Investment in the care economy also produces sizeable spillover effects. The International Trade Union Confederation, for example, recently estimated that if 2% of GDP was invested in a country’s care industry, there would be corresponding increases in overall employment ranging from 2.4% to 6.1%, depending on the country.4 This equates to nearly 13 million new jobs in the United States, 3.5 million in Japan, nearly 2 million in Germany, 1.5 million in the United Kingdom, 1 million in Italy, 600,000 in Australia and nearly 120,000 in Denmark.
Childcare assistance varies by economy and spans public day care, private care and homecare. While 58% of economies have public day care assistance with government allowances or subsidies, 18% have no publicly provided services and no subsidies.

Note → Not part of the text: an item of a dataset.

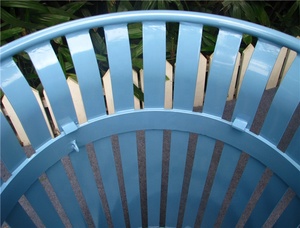 Contenitore per Rifiuti in Acciaio <span class=keywords><strong>da</strong></span> 36 Galloni per Esterni, Vendita Calda in Nord America, Bidone in Metallo con Barre Piatte - Product Image 6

1. See Thévenon, Drivers of Female Labour Force Participation in the OECD.
2. See OECD, Neutrality of tax-benefit systems: Definitions and methodology.
3. See World Bank Group, Women, Business, and the Law 2016.
4. See International Trade Union Confederation, Investing in the Care Economy: A Gender Analysis of Employment Stimulus in Seven OECD Countries.
The Global Gender Gap Report 2016 provides a comprehensive overview of the current state of the global gender gap and of efforts and insights to close it. The Index points to potential role models by revealing those countries that—within their region or their income group—are leaders in having divided resources more equitably between women and men than other countries have, regardless of the overall level of resources available. The Report’s detailed Country Profiles not only allow users to understand how close each country has come to the equality benchmark in each of the four dimensions examined by the Index, but also provide a snapshot of the legal and social framework within which these outcomes are produced.
The magnitude of gender gaps in countries around the world is the combined result of various socioeconomic, policy and cultural variables. The Global Gender Gap Index was developed in 2006 partially to address the need for a consistent and comprehensive measure for gender equality that can track a country’s progress over time. The Index does not seek to set priorities for countries but rather to provide a comprehensive set of data and a clear method for tracking gaps on critical indicators so that countries may set priorities within their own economic, political and cultural contexts.
The Report continues to highlight the strong correlation between a country’s gender gap and its economic performance, and summarizes some of the latest research on the case for gender equality. This year, we also introduced a deeper analysis of the relationship between broader human capital development and deployment and gender parity. The Report highlights the message to policy-makers that countries that want to remain competitive and inclusive will need to make gender equality a critical part of their human capital development. In particular, learning between countries and public-private cooperation within countries will be critical elements of closing the gender gap.
We hope that the information contained in the Global Gender Gap Report series will serve as a basis for continued benchmarking by countries on their progress towards gender equality, help support the case for closing gender gaps and encourage further research on policies and practices that are effective at promoting change.